Exclusive: Exxon eyes expanding Texas refinery into biggest in U.S. - sources
By Erwin Seba
HOUSTON (Reuters) - Exxon Mobil Corp is considering a multibillion-dollar plan to expand its Beaumont, Texas, refinery into the country's largest, the first major refining investment of the U.S. shale oil boom, people with knowledge of the deliberations said.
The expansion of the 344,600 barrel-per-day (bpd) Beaumont refinery, if carried out, would be completed by 2020 and potentially double its size with the addition of a third crude distillation unit (CDU), the sources said. More modest near-term projects to renew and expand so-called coking units to help refine more heavy crude already are under way, they said.
If Exxon presses ahead, the investment would be a further indication that the American oil giant is breaking ranks with many of its big global rivals, who have been looking to sell off refining assets across the world. Just weeks ago Exxon unveiled a $1 billion investment in its Antwerp plant.

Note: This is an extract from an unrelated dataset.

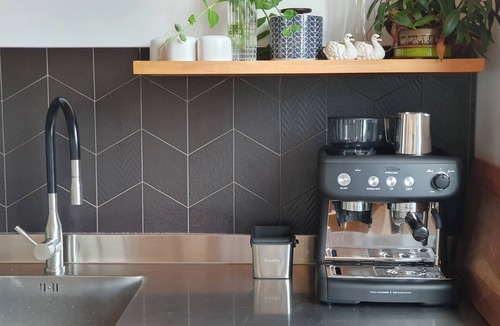 Stanmore Bay House | Modern coastal family retreat, 5 mins drive to local beaches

An Exxon spokesman, while declining to discuss possible plans for the Beaumont refinery, said the company was always evaluating growth options.
"We regularly evaluate our global portfolio of businesses and opportunities for growth, depending upon the fit with its strategic business objectives," Exxon spokesman Todd Spitler said. "We take a disciplined long-term approach to investing, regardless of the economic cycle."
A bigger Beaumont would bolster the U.S. Gulf Coast's position as a top global supplier of gasoline and diesel at a time when domestic demand is falling. Profits for Gulf Coast refiners have swollen as cheaper North American crude allows them to capture big margins when exporting refined products.
U.S. oil production has embarked on an unprecedented 50 percent rise over the past four years as new drilling techniques allowed oil to flow from vast shale reserves in North Dakota and Texas - this after two decades of seemingly irreversible decline.
The sources said Exxon already was moving forward on plans to replace four coking unit drums in 2015 and add two new coker drums in 2017 at the Beaumont refinery. The drums turn residual crude oil into petroleum coke, a coal substitute. Continued...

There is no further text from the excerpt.